[Records excerpted from a collection]
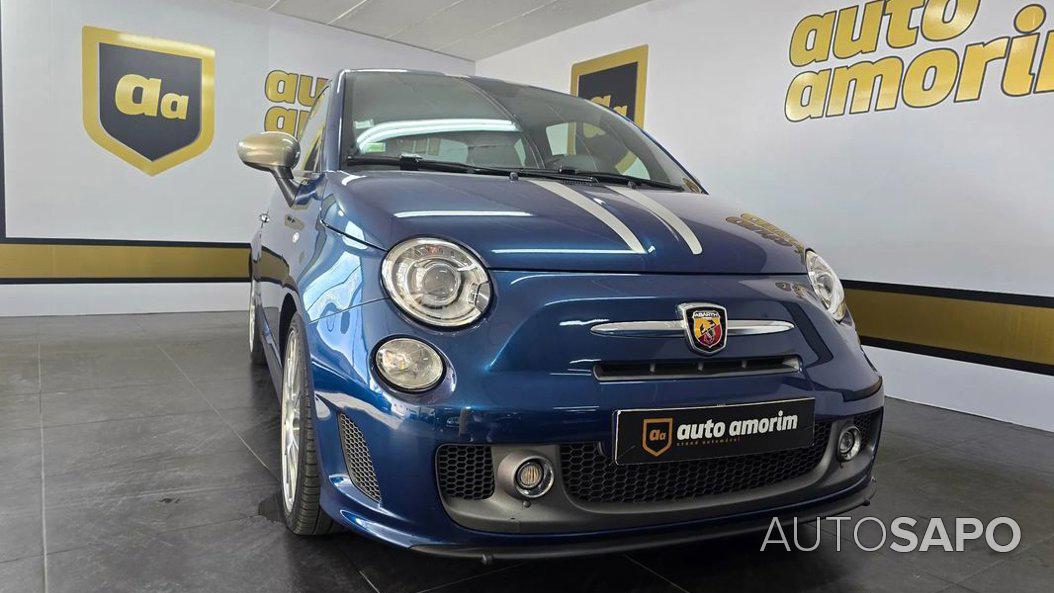 Abarth 695 de 2011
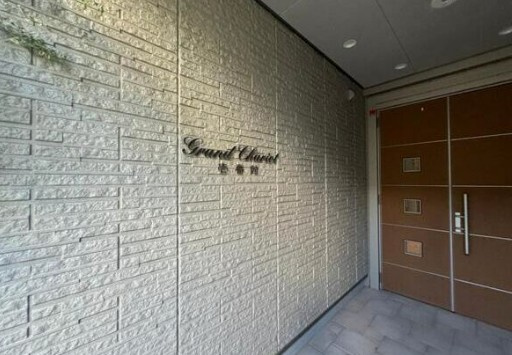 グランシャリオ壱番館のエントランス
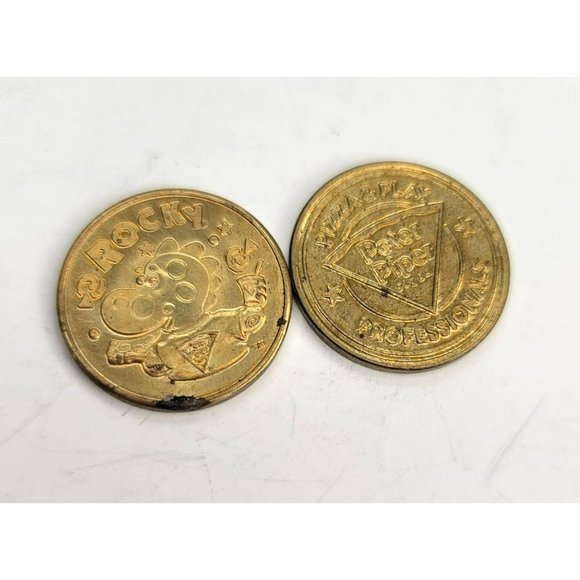 Peter Piper Pizza Rocky Token Arcade Coins Set of Two Gold Tone SC815 - Picture 2 of 4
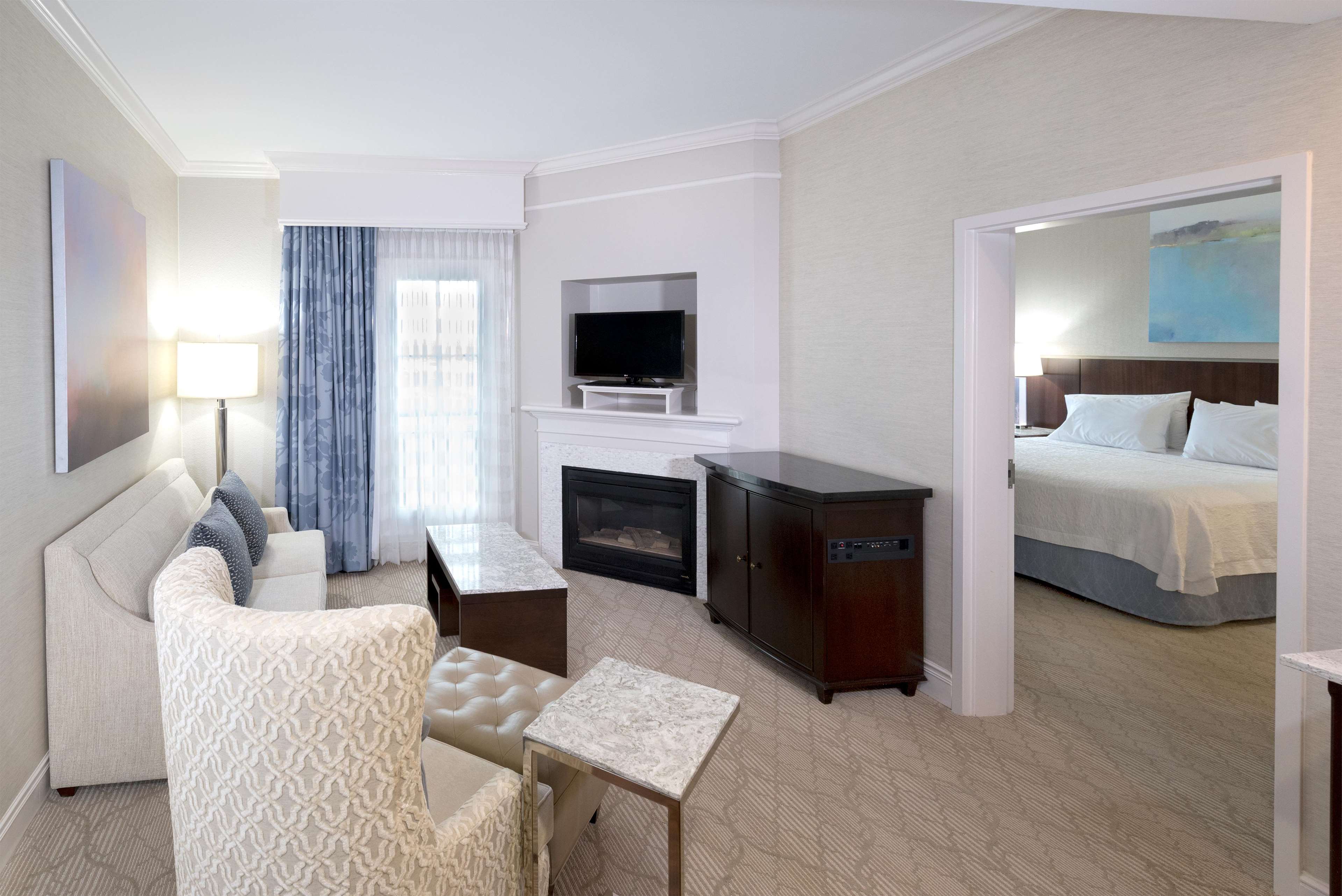 Hampton Inn & Suites Charlotte SouthPark at Phillips Place - photo 21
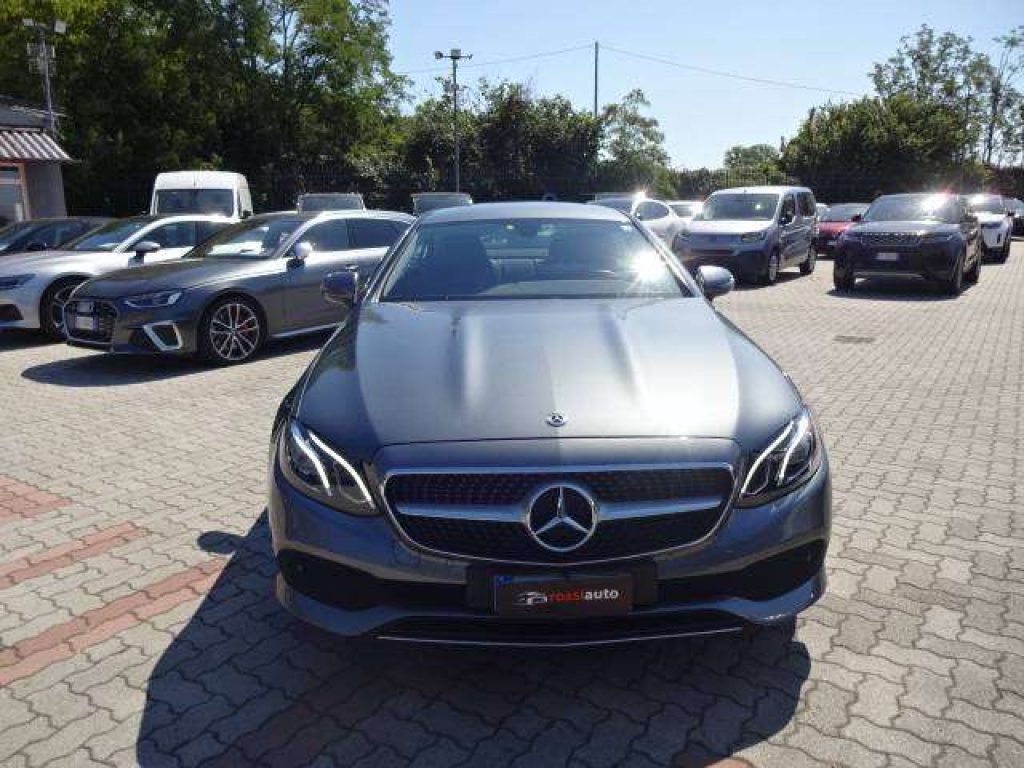 MERCEDES-BENZ E 220 Classe E -Coupe d Premium - 2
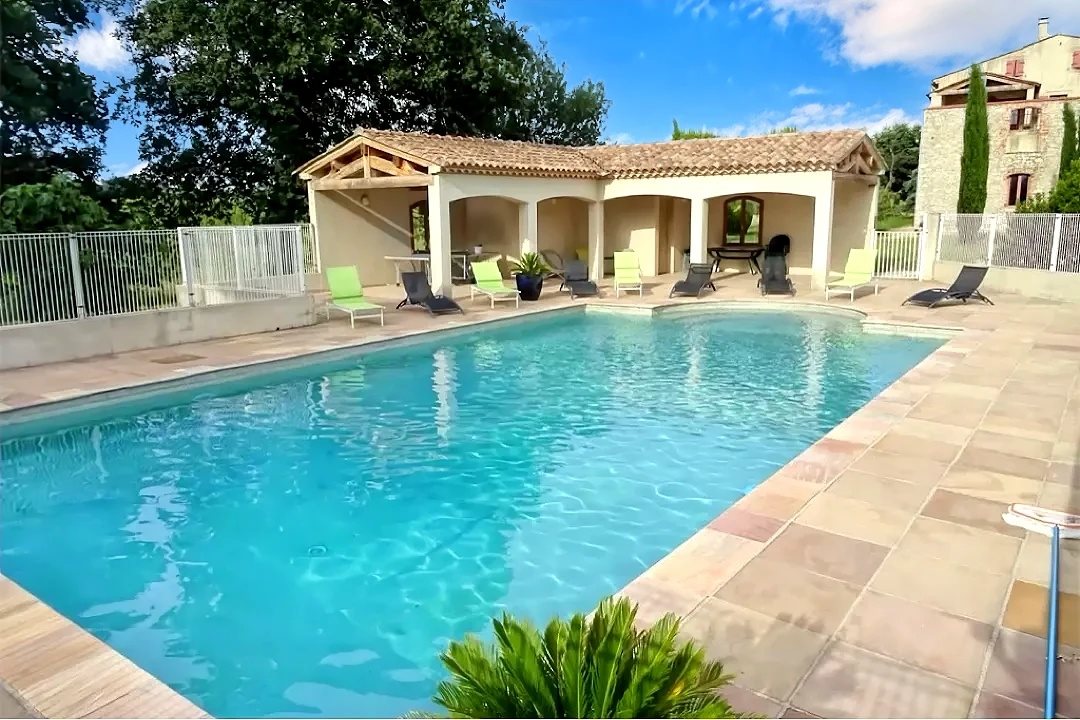 Maison à vendre, 660m², Saint-Jean-de-Serres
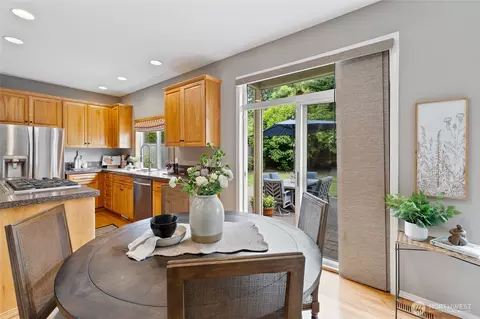 Dining - 11318 34th Dr SE, Everett, WA 98208 photo 2 of 2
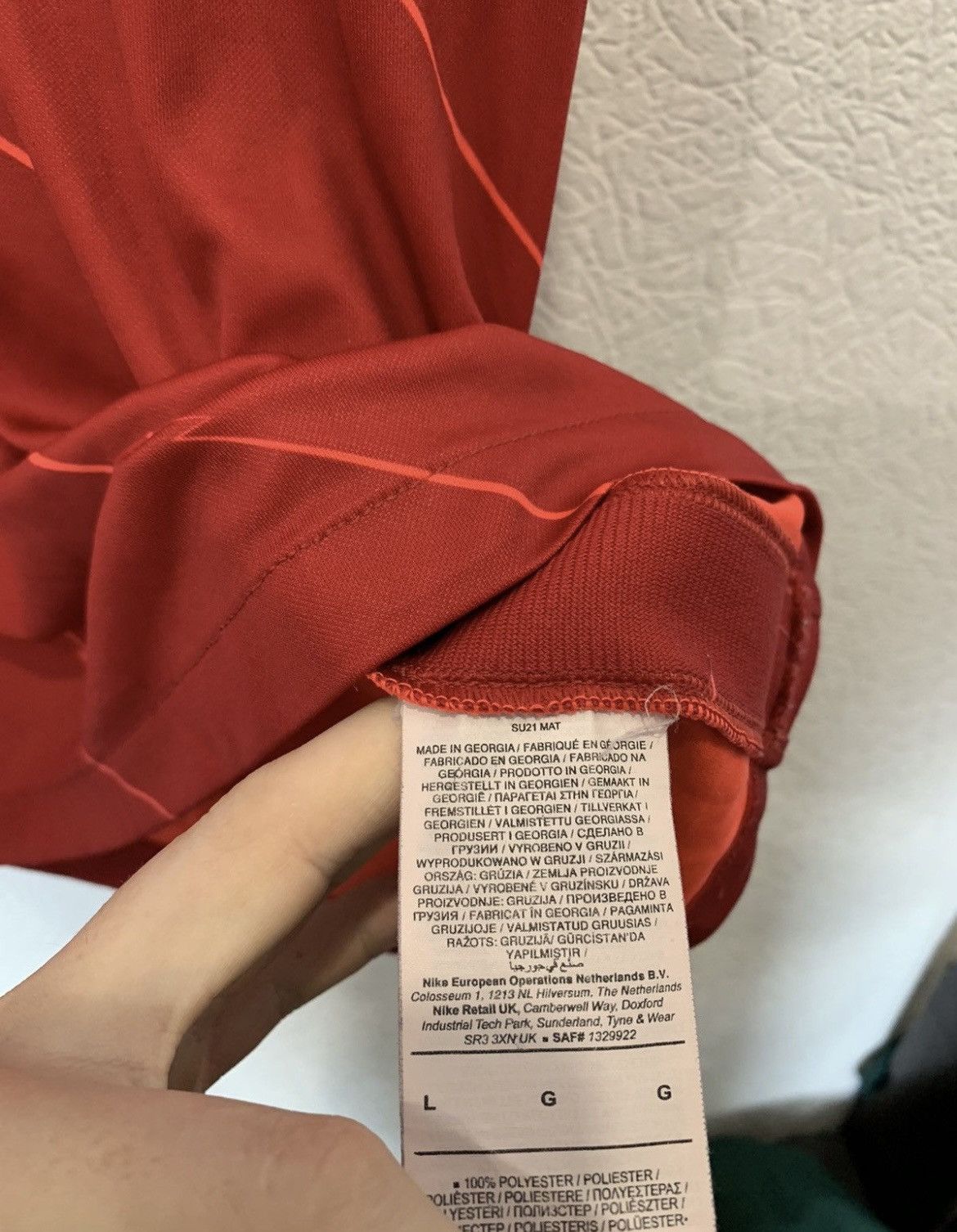 Nike LIVERPOOL NIKE 2021/2022 HOME KIT SOCCER JERSEY FOOTBALL Size US L / EU 52-54 / 3 - 7 Thumbnail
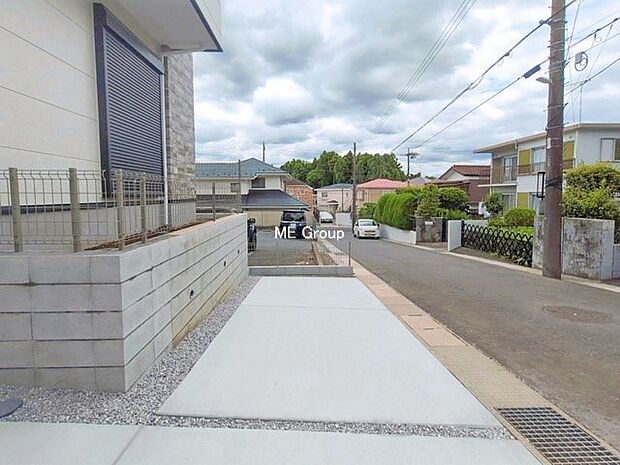 【駐車場】1号棟 ■自宅にある駐車スペースなので安心ですね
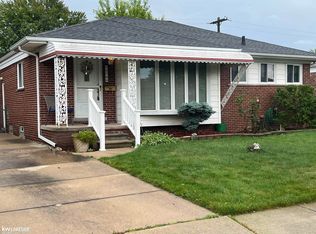25706 Harmon St, Saint Clair Shores, MI 48081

### Required action
Set down every entry word for word, but omit the pictures.

### Answer space
 Abarth 695 de 2011
 グランシャリオ壱番館のエントランス
 Peter Piper Pizza Rocky Token Arcade Coins Set of Two Gold Tone SC815 - Picture 2 of 4
 Hampton Inn & Suites Charlotte SouthPark at Phillips Place - photo 21
 MERCEDES-BENZ E 220 Classe E -Coupe d Premium - 2
 Maison à vendre, 660m², Saint-Jean-de-Serres
 Dining - 11318 34th Dr SE, Everett, WA 98208 photo 2 of 2
 Nike LIVERPOOL NIKE 2021/2022 HOME KIT SOCCER JERSEY FOOTBALL Size US L / EU 52-54 / 3 - 7 Thumbnail
 【駐車場】1号棟 ■自宅にある駐車スペースなので安心ですね
25706 Harmon St, Saint Clair Shores, MI 48081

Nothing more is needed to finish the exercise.